Greg Abel officially took the helm at Berkshire Hathaway (NYSE:BRK-B) on January 1, 2026, inheriting a fortress balance sheet, a legendary reputation, and a cash pile that would make most sovereign wealth funds blush. The first two months of his tenure have been anything but quiet. Three moves are already shaping what the Abel era will look like, and they tell you a lot about the man running the show.
Move 1: Cutting Loose the Kraft Heinz Albatross
The first signal Abel sent was about intellectual honesty. Berkshire is reportedly exiting its 27.5% stake in Kraft Heinz stake in Kraft Heinz (NASDAQ:KHC), a position even Buffett publicly called a mistake. The exit isn’t painless. Berkshire is expected to absorb an estimated $2.5 billion loss on the sale.
But here’s the thing: holding a bad position out of pride is far more expensive than taking the loss. Abel is signaling he won’t be sentimental with capital. Morningstar noted the move “signifies a potential shift in the firm’s investment strategy” and maintained its fair value estimate, viewing Berkshire as slightly undervalued despite the hit.
That’s the right read. Freeing up roughly $7.7 billion from a stagnant holding and redeploying it into something with actual momentum is exactly what a new CEO should do.
Move 2: Reshaping the Equity Portfolio
Abel didn’t just trim one position. In Q4 2025, Berkshire reduced stakes in Apple, Bank of America, and Amazon, using those proceeds to build new positions. The firm added a significant holding in The New York Times, increased its positions in Chevron and Chubb, and initiated a stake in Domino’s Pizza (NYSE:DPZ). Berkshire ended the quarter with $274.2 billion in reportable U.S. equity holdings, a 2.6% increase from the prior quarter.

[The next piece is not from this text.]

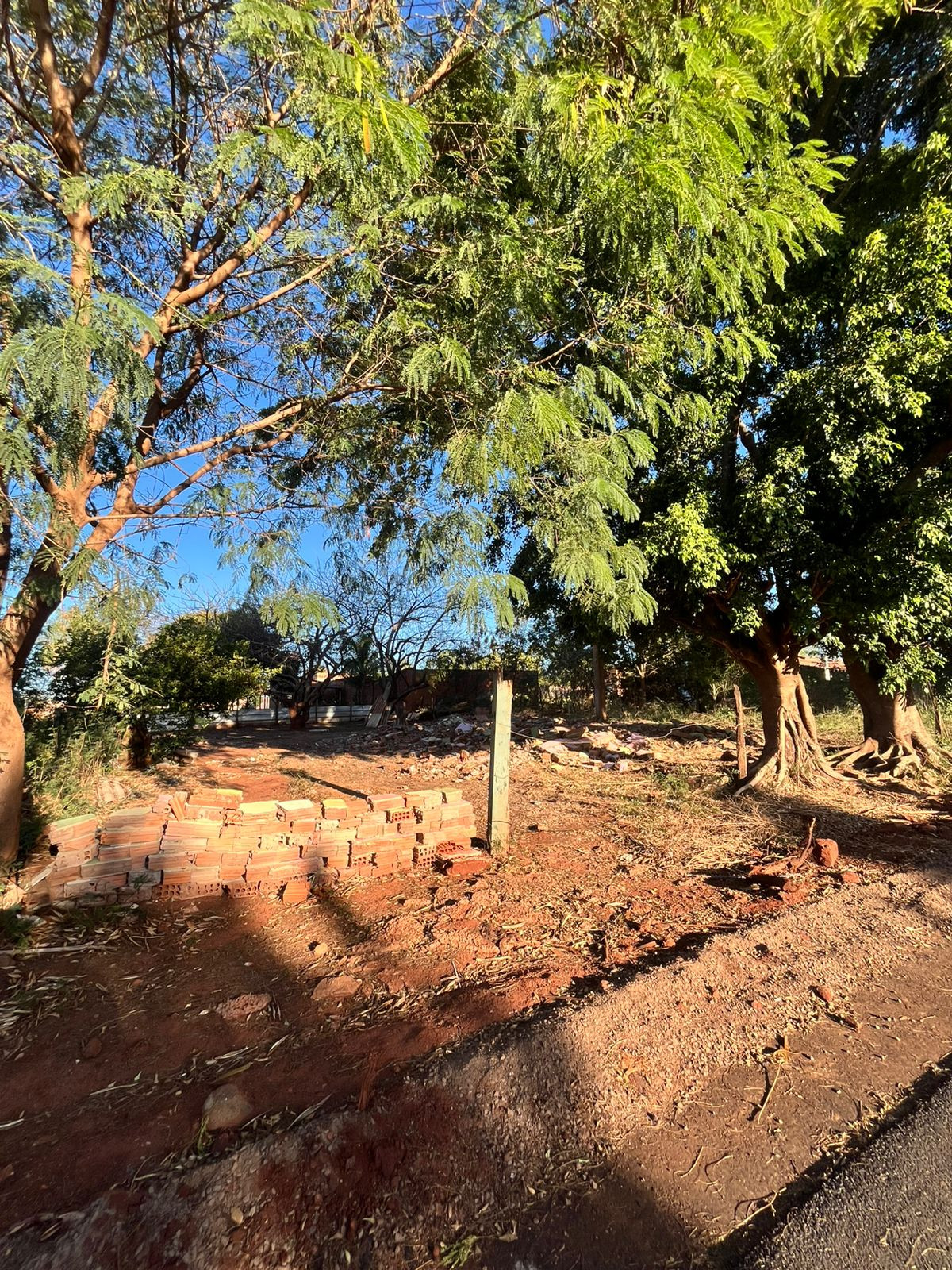 Terreno no bairro Nova Capital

Morningstar analysts flagged Domino’s as the most compelling of the new buys, citing its wide economic moat and valuation. Think of Domino’s like a toll bridge for pizza delivery infrastructure. The brand, the logistics network, and the franchisee model create a business that is genuinely hard to displace.

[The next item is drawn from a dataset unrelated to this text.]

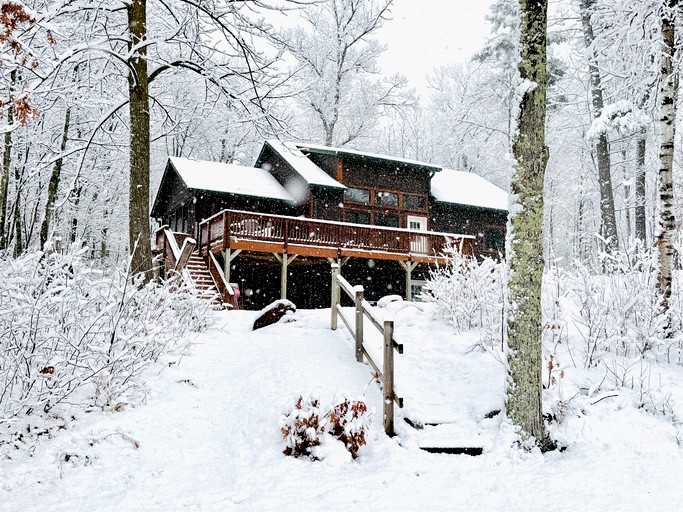 Cabins (United States of America, Stone Lake, Wisconsin)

Move 3: Resuming Buybacks and Putting Skin in the Game
This one matters most psychologically. After a nearly two-year pause on repurchases, Berkshire resumed stock buybacks on March 5, 2026. Abel also personally purchased $15 million worth of Class A shares, a direct signal that he believes the stock is trading below intrinsic value.

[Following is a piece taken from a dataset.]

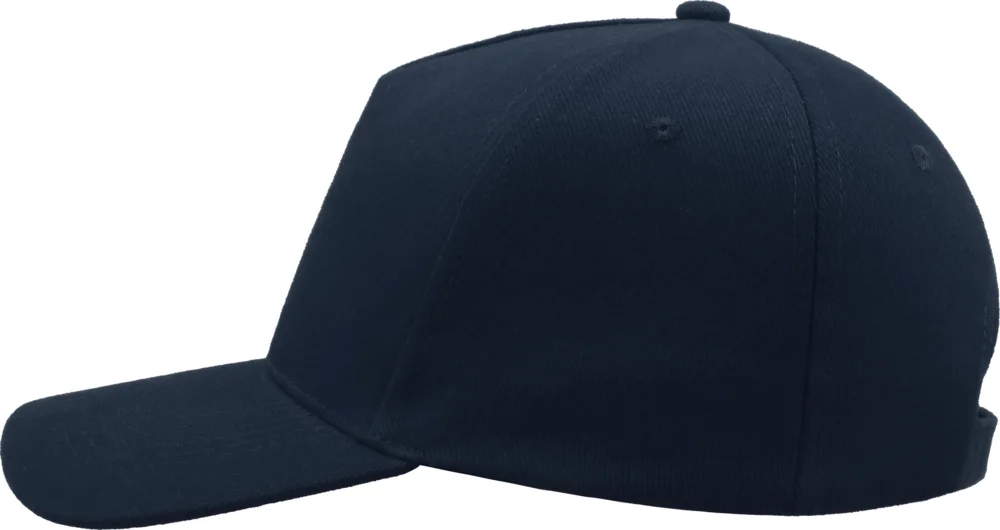 5 Panel Baseball Kappe "Liberty Five Buckle"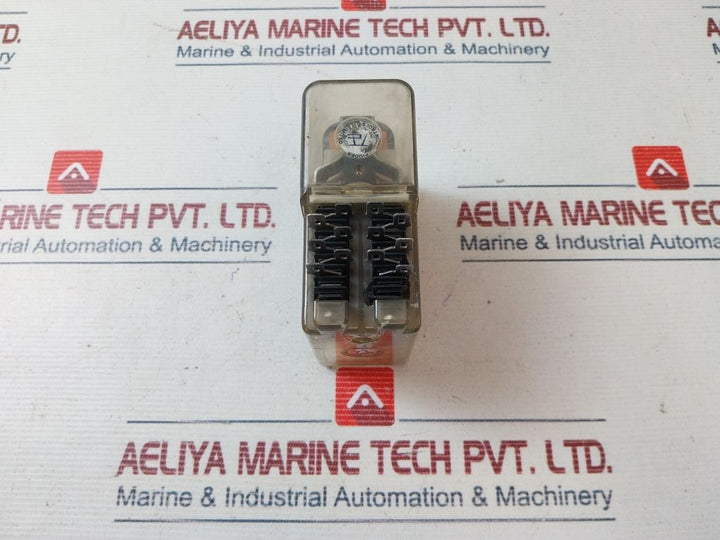 Pioden Controls 255/2555A Relay 2B1/203/110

Context matters here. Abel’s first shareholder letter in late February had explicitly said there were “no immediate plans for stock buybacks,” which contributed to shares sliding nearly 5%. The reversal just days later, backed by his own dollars, was a confidence statement.
Berkshire ended 2025 with $373.3 billion in combined cash and short-term investments and generated $25 billion in free cash flow for the year. Abel has the resources. These three moves suggest he also has the conviction to use them.
Kraft Heinz remains one of the most scrutinized holdings in Berkshire’s history, and its exit marks a clean break from one of Buffett’s most acknowledged missteps.